> _Provided records_
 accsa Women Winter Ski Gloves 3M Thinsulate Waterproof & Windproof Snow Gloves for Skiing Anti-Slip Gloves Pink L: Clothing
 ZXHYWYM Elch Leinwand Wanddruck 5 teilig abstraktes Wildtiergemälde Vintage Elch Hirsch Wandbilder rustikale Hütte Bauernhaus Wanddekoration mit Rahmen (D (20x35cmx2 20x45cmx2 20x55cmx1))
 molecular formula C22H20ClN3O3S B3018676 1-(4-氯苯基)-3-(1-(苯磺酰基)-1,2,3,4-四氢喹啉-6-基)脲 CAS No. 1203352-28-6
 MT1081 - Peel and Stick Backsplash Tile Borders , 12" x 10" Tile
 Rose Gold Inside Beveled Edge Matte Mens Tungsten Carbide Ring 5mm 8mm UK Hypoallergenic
==
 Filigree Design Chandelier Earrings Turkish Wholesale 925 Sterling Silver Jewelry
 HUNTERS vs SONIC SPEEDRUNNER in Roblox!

> _Your goal_
Of the lines above, retype only those from the line containing "accsa Women Winter" through the line containing "Rose Gold Inside", including both, exactly.

> _Finished task_
 accsa Women Winter Ski Gloves 3M Thinsulate Waterproof & Windproof Snow Gloves for Skiing Anti-Slip Gloves Pink L: Clothing
 ZXHYWYM Elch Leinwand Wanddruck 5 teilig abstraktes Wildtiergemälde Vintage Elch Hirsch Wandbilder rustikale Hütte Bauernhaus Wanddekoration mit Rahmen (D (20x35cmx2 20x45cmx2 20x55cmx1))
 molecular formula C22H20ClN3O3S B3018676 1-(4-氯苯基)-3-(1-(苯磺酰基)-1,2,3,4-四氢喹啉-6-基)脲 CAS No. 1203352-28-6
 MT1081 - Peel and Stick Backsplash Tile Borders , 12" x 10" Tile
 Rose Gold Inside Beveled Edge Matte Mens Tungsten Carbide Ring 5mm 8mm UK Hypoallergenic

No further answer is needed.